How good is The Social Network?

Well, it’s only my opinion, but it’s very good indeed.

The casting is perfect, the frailties of humanity disected and examined under a microscope very gently and even the most difficult characters have a sympathetic edge.

Zippy dialogue, great structure, moving and funny.  For me, A-.

Check it out.

It’s a great quote, that one on the poster.

Power corrupts and absolute power corrupts absolutely, a nice theme for a movie.

I love social networking, in spite of all the reservations I held about it in the beginning.

It’s allowed me to get to know a wide range of wonderful authors and people associated with writing, given me a platform upon which to stand to sell my words and has allowed me to get in touch with friends long since lost on life’s highways.

For those of you out there thinking it’s all about hearing about neighbours putting out washing or being told what their best friend’s having for tea, to my way of thinking you’re missing the point entirely.  Your loss.

I guess the fact that your here, though, means you like to dip in your toe from time to time.  Good for you.

And it’s the subject of this week’s film (Friday 30 th, 8 o’clock, Hallhill, all welcome, £5 for a ticket on the door).

I’ve not seen it, but I’m very much looking forward to it.

Maybe I’ll see you there.



So what can I tell you about Scott Pilgrim Versus The World?

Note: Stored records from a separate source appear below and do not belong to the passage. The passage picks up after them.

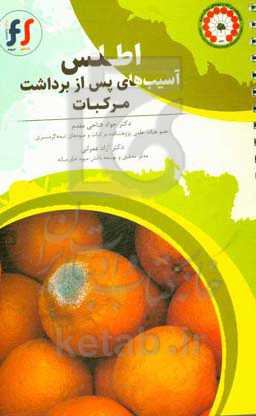 اطلس آسیب‌های پس از برداشت مرکبات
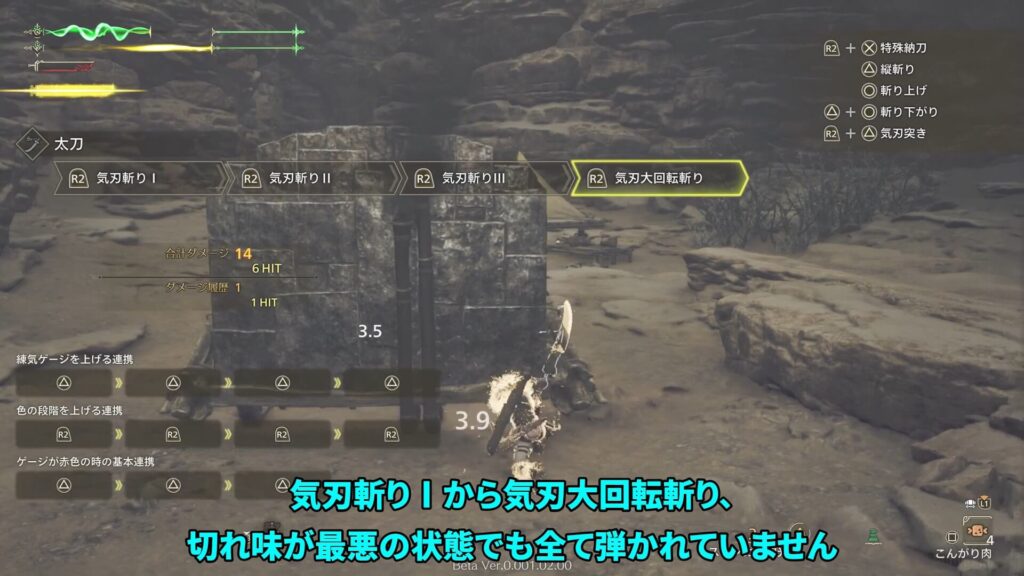 wilds-obt2-long sword-guideの参考画像32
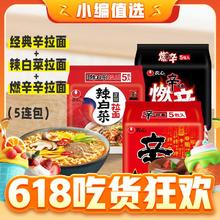 NONGSHIM 农心 香菇牛肉味辛拉面 120g*15包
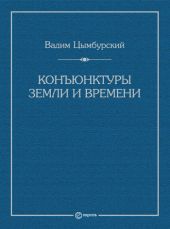 Конъюнктуры Земли и времени. Геополитические и хронополитические интеллектуальные расследования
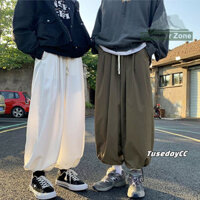 Quần jogger nam mỏng thời trang mùa xuân hè phong cách Nhật Bản quần rộng có dây rút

Not much, other than it’s our next film, coming this Friday (8pm, Hallhill, £5 for non-members, feel free to bring in a drink from the bar…).  That and the starring role is taken by Michael Cera.  Mr Cera made a great impression on me in a previous film society showin, Juno.  He was the geeky dork I often feel like inside (and that might go for lots of us) though unlike me in my teenage years he has wisdom and musical talent and the most gorgeous of girlfriends.

Anyway, the in a nutshell on Scott Pilgrim is ‘Scott Pilgrim must defeat his new girlfriend’s seven evil exes in order to win her heart.’

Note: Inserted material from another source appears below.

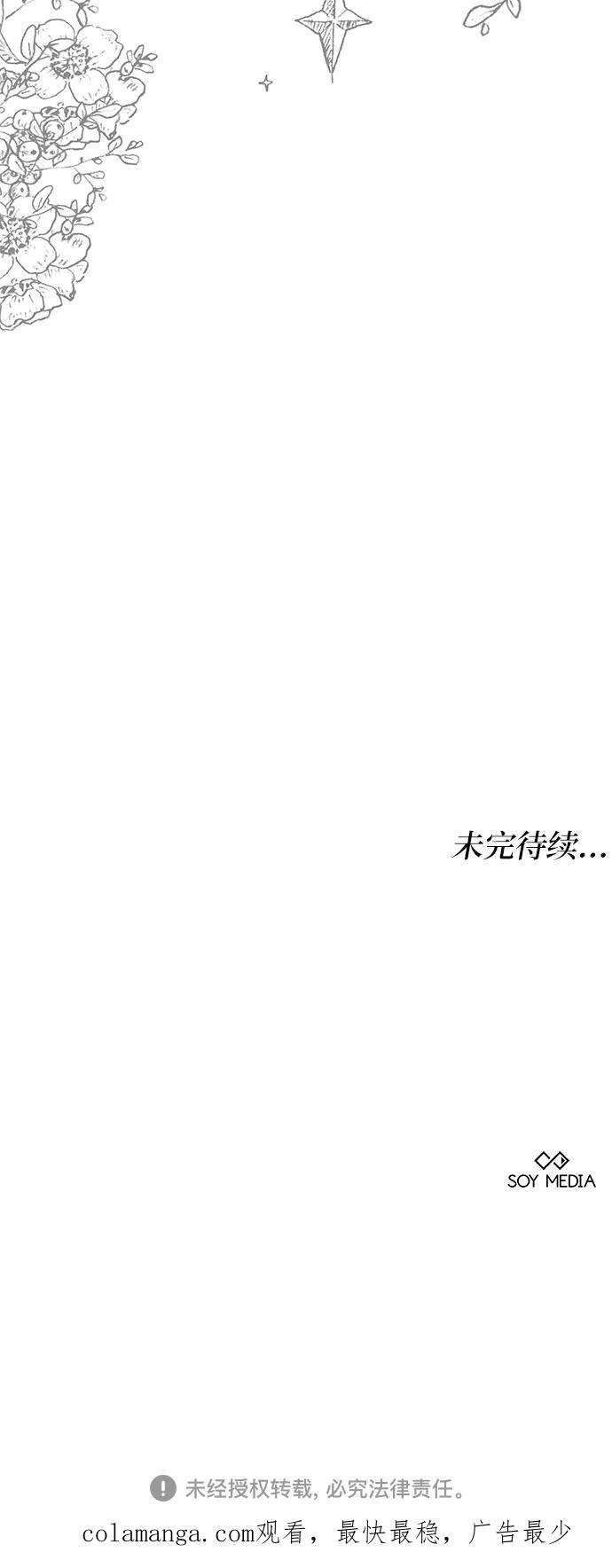 77.jpg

I’m hoping to hell that he creams them all.

See you there,


Last night at the Film Society, we weren’t able to collect reviews of the film.  To me, it felt like there was a real buzz in the room.

Should you wish to let us know how you thought it was, comment here and leave a score from 1 to 10.

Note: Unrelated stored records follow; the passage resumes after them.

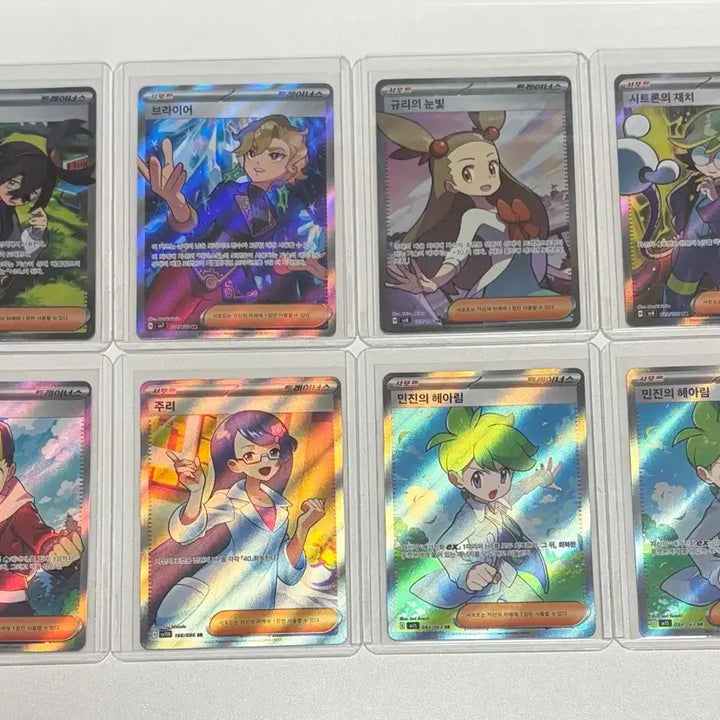 [BUNJANG] Bundle Set - Pokemon TCG Trainer Support SR Cards / 일괄) 포켓몬카드 트레이너 서포트 SR 카드
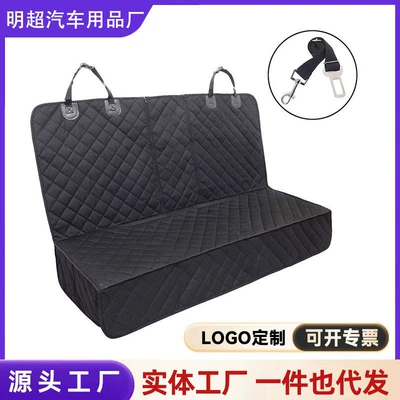 Car Pet Mat 600D Oxford Cloth Car Mat Rear Seat Waterproof Wear-Resistant Car Seat Protector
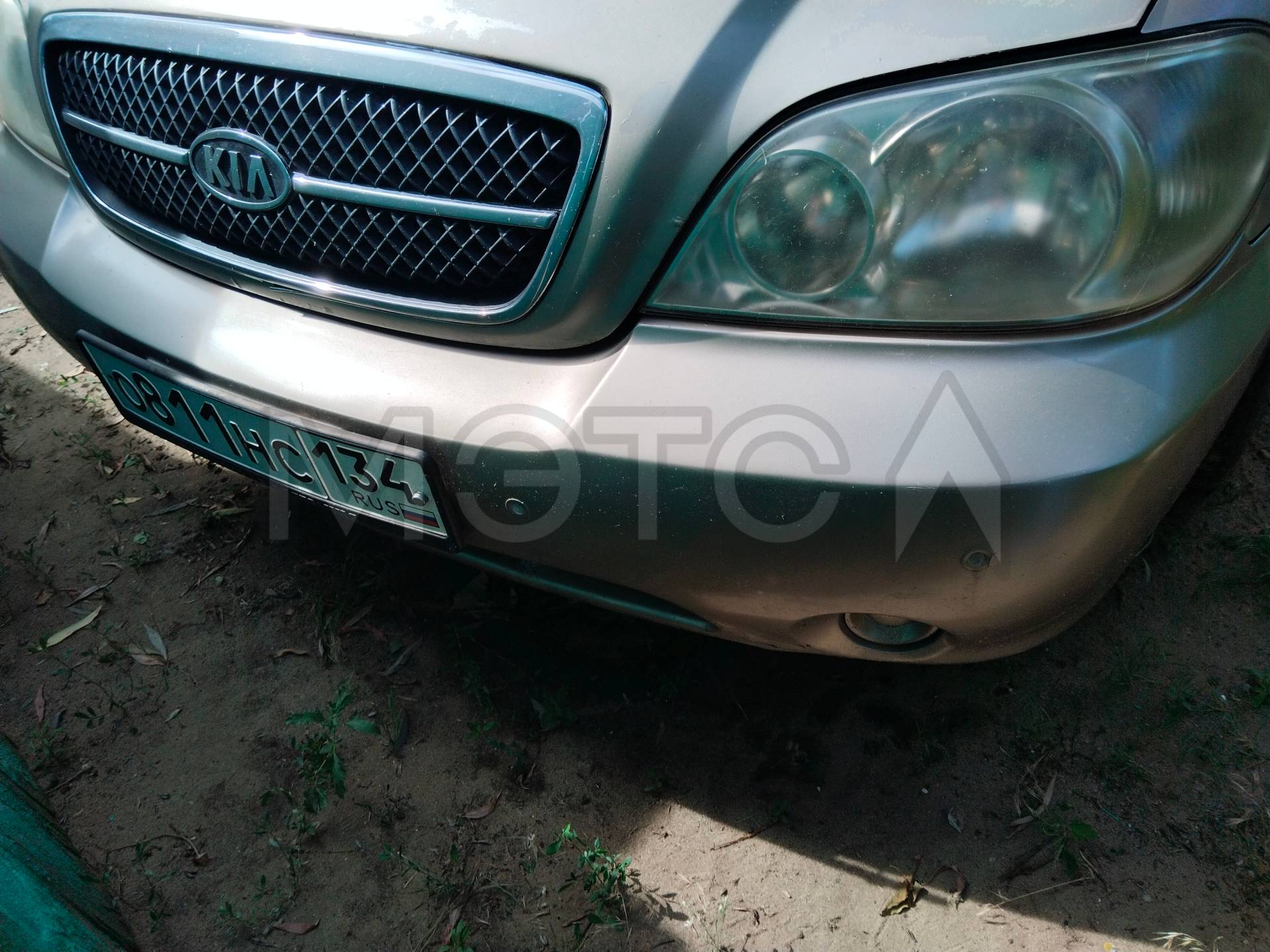 Автомобиль марки KIA модель karnival (КИА Карнивал UP7512) 2004 г.в. VIN-номер X4XUP751250000325
Порядок ознакомления с имуществом должника:
Ознакомление с имуществом производится в рабочие дни по адресу: Волгоградская обл г.Камышин ул.Лесозащитная д.145.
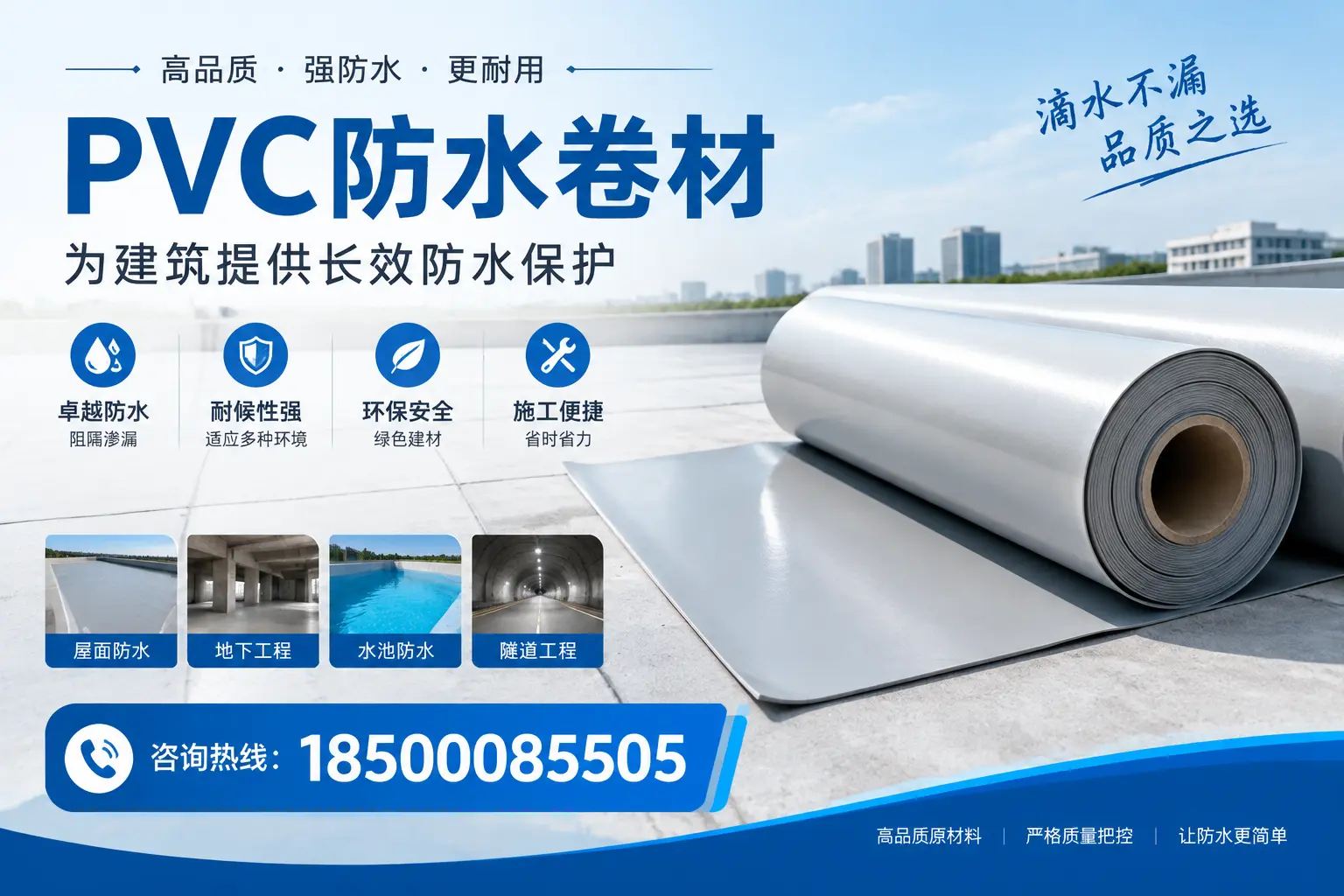如何选择适合的PVC防水卷材？专家为您解答玉溪的需求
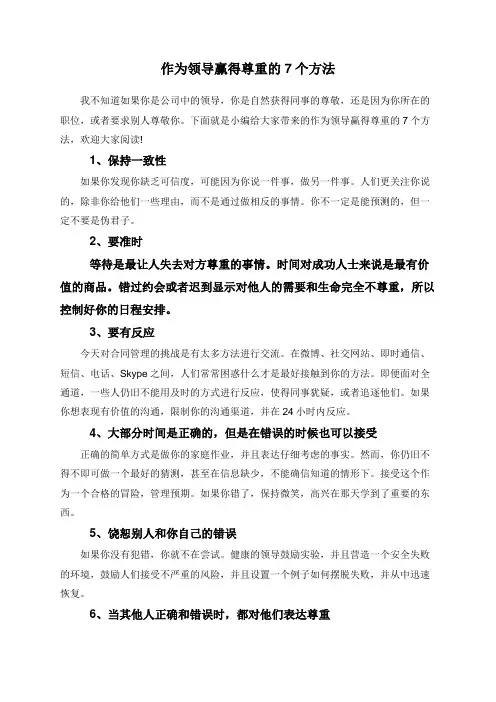 作为领导赢得尊重的7个方法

Well, there are no real winners other than the people who enjoyed the film.  I found it to be even better it the second time round and gave it a 9.

The average was 7, so I guess it went down pretty well.

My opinion – masterful film-making.

Next time, White Heat.  Hold on to your hats, your spats and your Tommies.

I watched The Road about a month ago, mainly because I forgot to scrub it from my Love Film list when it was chosen for this year’s programme.

It’s a post-apocalyptic tale and we therefore is not all sweetness and light.  The group choosing went for it in the end because it seems like the type of challenging tale that a film society should be showing.

If you saw some of those post-nuclear TV movies from the 1970s or read things like The Lord Of The Flies, you’ll know that people in highly-pressurised situations behave in unusual and often unpleasant ways.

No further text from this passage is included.